Exercise data>
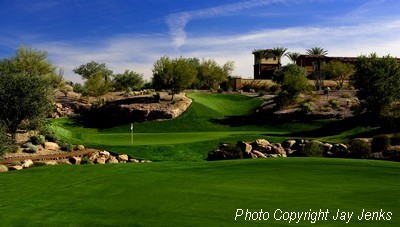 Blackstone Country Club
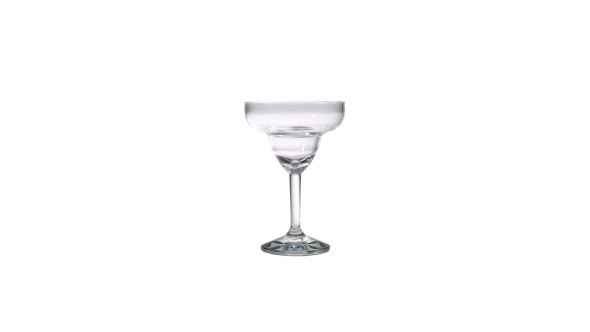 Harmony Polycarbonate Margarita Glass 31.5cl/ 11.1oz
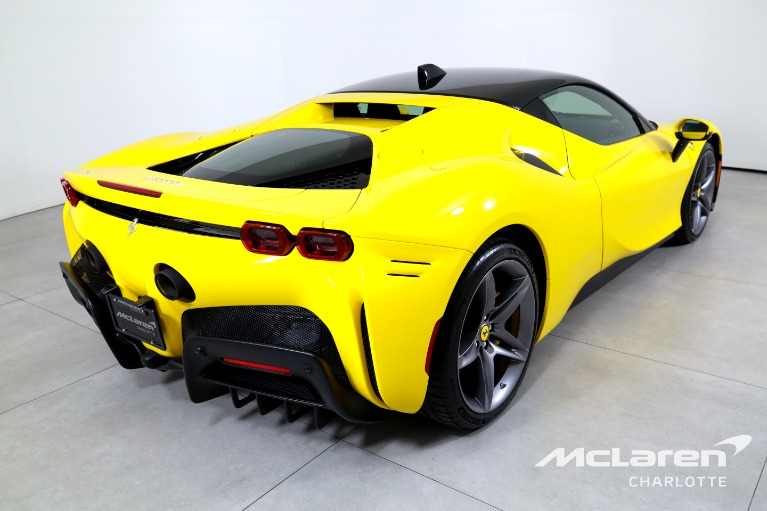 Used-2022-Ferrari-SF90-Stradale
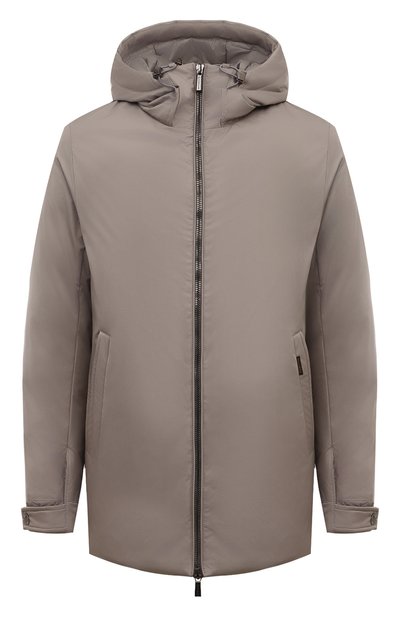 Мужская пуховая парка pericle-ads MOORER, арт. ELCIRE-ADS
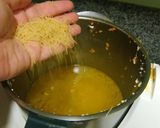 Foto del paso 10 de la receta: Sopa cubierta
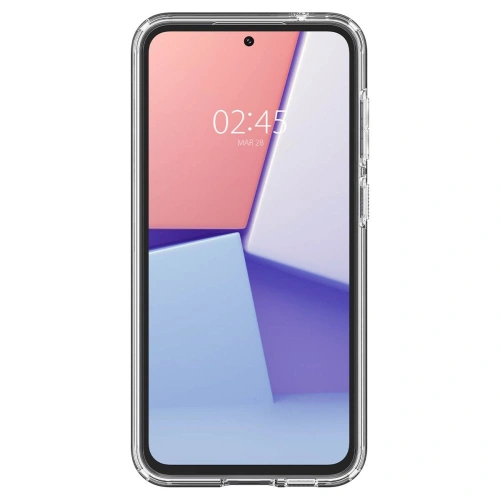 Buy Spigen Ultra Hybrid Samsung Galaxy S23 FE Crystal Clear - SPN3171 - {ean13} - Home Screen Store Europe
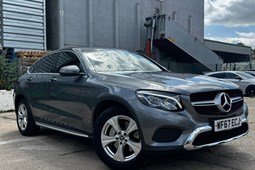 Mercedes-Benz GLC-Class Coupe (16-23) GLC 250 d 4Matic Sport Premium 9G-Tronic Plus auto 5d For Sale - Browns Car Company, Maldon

Task brief>
Return every line of the listing exactly, leaving its pictures behind.

Solution for this exercise>
 Blackstone Country Club
 Harmony Polycarbonate Margarita Glass 31.5cl/ 11.1oz
 Used-2022-Ferrari-SF90-Stradale
 Мужская пуховая парка pericle-ads MOORER, арт. ELCIRE-ADS
 Foto del paso 10 de la receta: Sopa cubierta
 Buy Spigen Ultra Hybrid Samsung Galaxy S23 FE Crystal Clear - SPN3171 - {ean13} - Home Screen Store Europe
 Mercedes-Benz GLC-Class Coupe (16-23) GLC 250 d 4Matic Sport Premium 9G-Tronic Plus auto 5d For Sale - Browns Car Company, Maldon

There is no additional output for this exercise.